Eight targets were defined on the periphery of the mock prostate in the phantom. Each target was randomly picked up within each of segments A-H as indicated above. The diameter of the mock prostate was approximiately 40 mm.

2.5. Clinical Studies

We conducted an investigation during initial clinical studies to assess the safety and feasibility of the methods developed. Ten men (age range: 50–73 y.o.; weight range: 147–211 lbs.) underwent targeted core biopsy of the prostate in the wide-bore 3T MRI scanner. The study protocol was approved by the Brigham and Womens Hospitals Institutional Review Board prior to patient enrollment, and was HIPAA compliant. The patients with suspicious foci were eligible for the study after undergoing a multi-parametric 3T MRI examination with endorectal coil. All patients had elevated serum prostate specific antigen (PSA) and a dominant index lesion (most suspicious for cancer) on recent diagnostic 3T prostate MRI. Index lesions were depicted as a focus of decreased T2 signal on T2-weighted imaging (T2WI), restricted diffusion on diffusion weighted imaging (DWI), and early arterial phase enhancement with rapid wash-out on dynamic contrast enhanced (DCE) sequences. Clinical indications included: inability to obtain transrectal ultrasound (TRUS) guided biopsy due to total colectomy (N = 1) or inflamed ileal J-pouch (N = 1), multiple prior negative TRUS-guided biopsies (N = 6), prior prostate brachytherapy and MRI focus suspicious for recurrence (N = 1), and MRI focus suspicious for higher grade tumor than suggested at prior TRUS-guided biopsy (N = 1). Informed consent for the procedure was obtained from each subject after the nature of the procedure and the potential hazards had been fully explained. The system configuration and flow of data before and during the procedure are shown in Figure 5. The workflow of the procedure was as follows:

Figure 5.

Figure 5

The diagram shows the system configuration and the data flow before and during the procedure. For preprocedural planning, which took place a few days before the procedure, preprocedural MRI data, including T2W, DCE, and diffusion-weighted images were retrieved from the hospitals picture archiving and communication system (PACS). The radiologists identified the suspicious foci as biopsy targets based on the preprocedural MRI. During the procedure, intraprocedural T2W MRI acquired by the MRI scanner in the operating room was transferred from the Host Workstation to the Navigation Workstation for intraprocedural planning and the Image Processing Workstation for registering the preprocedural MRI and the biopsy targets to the intraprocedural MRI. The registered preprocedural MRI and registered targets were returned to the Navigation Workstation for the radiologists review and calculation of the template hole index and depth for guiding the needle.

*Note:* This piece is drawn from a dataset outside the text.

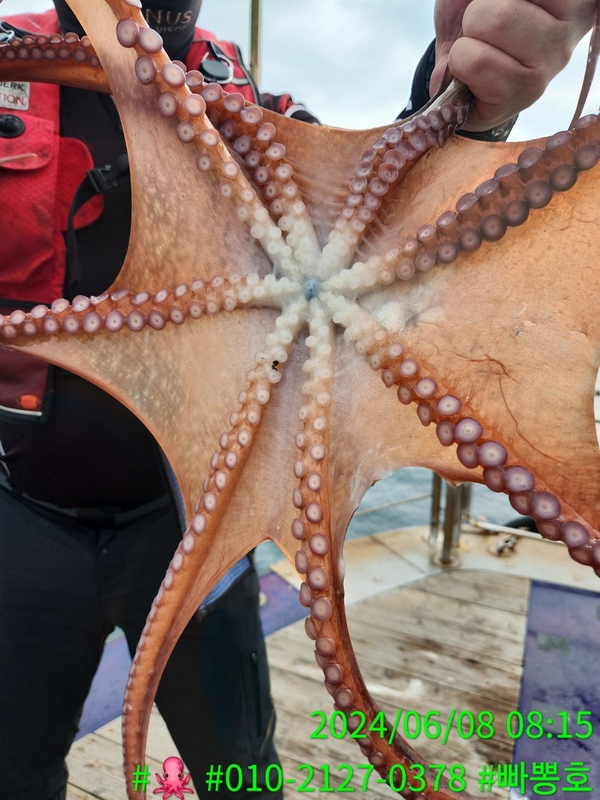 빠뽕호의 조황일지 이미지 - 10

  • Preprocedural Planning. Two radiologists reviewed preprocedural multi-parametric MRI exams, consisting of T2-weighted MRI, pharmacokinetic parameter maps obtained from dynamic contrast-enhanced MRI (DCE-MRI), and apparent diffusion coefficient (ADC) maps calculated from diffusion-weighted MRI, to identify suspicious targets. These preprocedural images and the preprocedural targets were stored in the Image Processing Workstation for intraprocedural image registration.

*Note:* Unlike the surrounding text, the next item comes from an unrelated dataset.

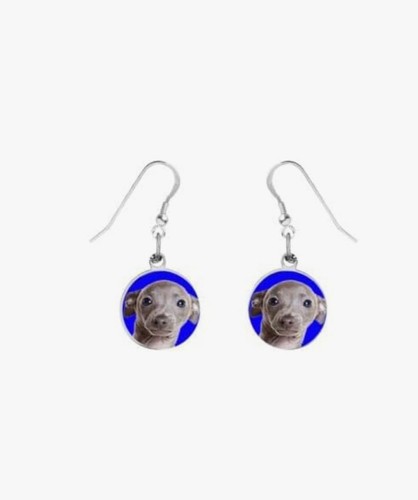 Greyhound puppy dog codez5 - puppy,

  • Patient Preparation. On the day of the biopsy, the patient was taken to the 3T MRI with a 70 cm wide-bore (MAGNETOM Verio 3T, Siemens AG, Erlangen, Germany) and placed supine on the prostate intervention table in feet-first orientation, so that the radiologist could approach the perineum from the other side of the magnet. The leg supports were adjusted and fixed, the patient positioned in the lithotomy position, and the imaging coil (Body Matrix Coil, Siemens AG, Erlangen, Germany) was placed over the anterior lower pelvis on the front side of the scanner. The patient was then transferred to the other side of the magnet in the far end of the room, where the perineum was prepped and draped in a sterile fashion. The sterile stationary frame and the template with the Z-frame were set up. When the radiologist confirmed that all instruments were properly adjusted, the patient was moved into the isocenter of the magnet for imaging. The procedures were performed under standard departmental guidelines using intravenous conscious sedation (typically using Versed and Fentanyl).

  • Pre-procedural MRI and Planning in 3D Slicer. Two sets of MR images were acquired after the patient was positioned in the isocenter of the magnet. The first was a 3D image of the Z-frame acquired by a 3D FLASH sequence with the same parameters used in the preclinical study. The Z-frame image was transferred to the Navigation Workstation for localization of the Z-frame as described above. The second image was an intraprocedural 2D multi-slice T2-weighted (T2W) image of the prostate acquired by TSE sequence with the same parameters as the preclinical study. The intraprocedural T2W image was acquired while the Z-frame was being localized on the Navigation Workstation. The intraprocedural T2W prostate image was transferred to the Navigation Workstation, where the radiologist identified suspicious foci shown in the T2 image as intraprocedural targets. While the radiologist was reviewing the intraprocedural T2W prostate image, the image was also transferred to the Image Processing Workstation in order to register the preprocedural T2W image to the intraprocedural T2 image using the B-spline deformable image registration (Oguro et al. 2009, Fedorov et al. 2012). Including manual cropping of the region of interest, it took 5–10 minutes to register the preprocedural T2W image to the intraprocedural T2W image. The detail of the deformable image registration methodology is described in our separate report (Fedorov et al. 2012). The planning and registration processes were performed in parallel, to minimize time. The transformation derived from the deformable image registration was then used to register the preprocedural targets to the intraprocedural T2W MRI. Once all the intraprocedural targets and preprocedural targets were projected on the intraprocedural T2W image, 3D Slicer selected the optimal template holes through which to insert the biopsy needle, and the insertion depth of the needles.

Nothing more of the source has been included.